The tops of the bags are a bit different from one another. The edge of one bag was made by folding and twisting pairs of braided warps around a cord which then became a drawstring for closing the bag. The other bag had individual warps folding and twisting around a cord, but the cord was a part of a finished edge, almost like knitted i-cord, that went around the entire edge. Thickly twisted 2-ply yarns were tied along the edge to act as handles. The handles on this bag would have allowed it act much like the large tote bags you can get at Ikea. It was probably just a big – the warps each measured over a meter in length.

The top of our drawstring bag and a close-up showing how the cord was looped through the top of the bag. Images courtesy the William S. Webb Museum of Anthropology, University of Kentucky.


The top edge of the our tote bag. See how the finished edge acts like i-cord for knitting? Image courtesy the William S. Webb Museum of Anthropology, University of Kentucky.

So what do we know so far?

I’ll need to find some Rattlesnake Master and process it so I can make 3-ply braids for the warps. My bag will be much smaller than either of these bags to keep this project manageable and to make sure I can find enough Rattlesnake Master. I will also need to make the 2-ply yarn for the weft and for the edging. I’m not sure those were made from Rattlesnake Master so I’ll have to do some additional research and experimentation.

Practicing my thigh spinning. It has been a long time since I tried to make yarn this way and I’ll need the practice for this project. Rafia grass, readily available at most craft stores, is the prefect material for practice.

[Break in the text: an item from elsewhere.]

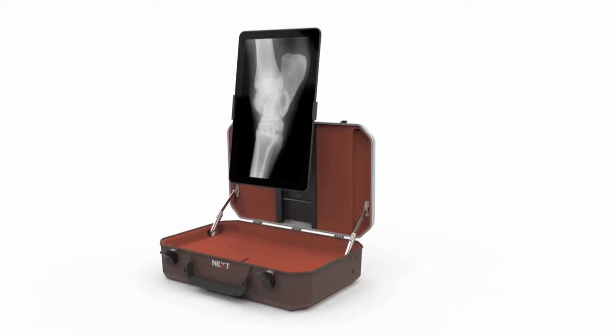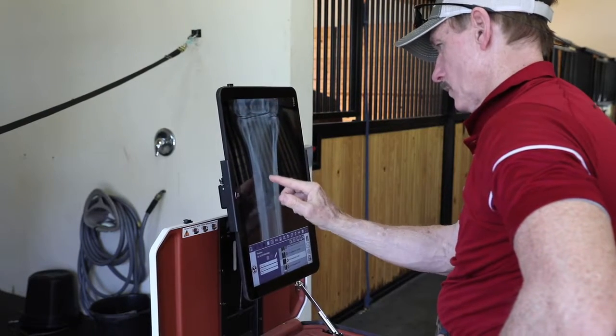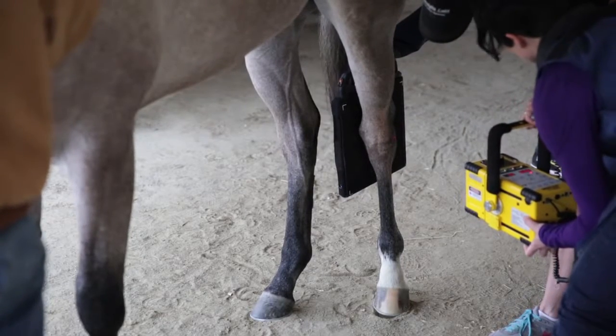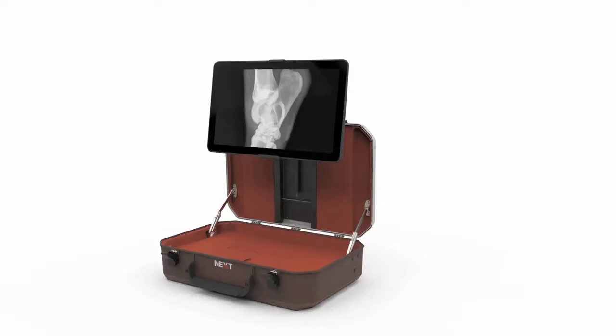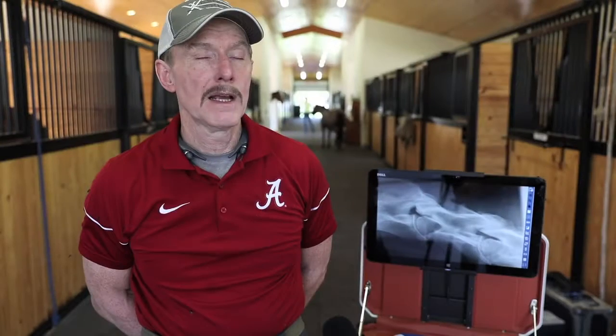This is the best monitor that I've seen on any system. The screen being able to rotate is great because when you're looking at feet or stifles, you want the screen upright. Because of the way that the equine limb is built, it's vertical. And because of the ability to shift the screen vertically, I don't really have to attenuate the images when I'm looking at them while we're taking them. And when you're looking at cervical spine or dorsal spinous processes, you can rotate the screen horizontal and you're looking at it the way it is in the horse.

Our next step in this journey is to collect and process our plants for fiber and then the real fun begins: spinning and weaving! I’ve been experimenting with two different ways to spin my fiber – thigh spinning and finger twisting. It seems like there’s always something new and different to learn.

Till next time!









Chris Pappas is an archaeologist by day and a fiber fanatic by night who is happiest when she can be both at the same time. She lives in Kentucky with her husband, adorable baby girl, and two crazy beagles.

2 replies
  1. Martha
    Martha says:

    That is fascinating! Were these bags found in the same caves as the shoes you looked at in your previous articles? Also, do you know how the materials were processed? Did they really just shred the leaves, or did they have to go through some sort of retting process like flax? Now I want to start twisting leaves together whenever I see them!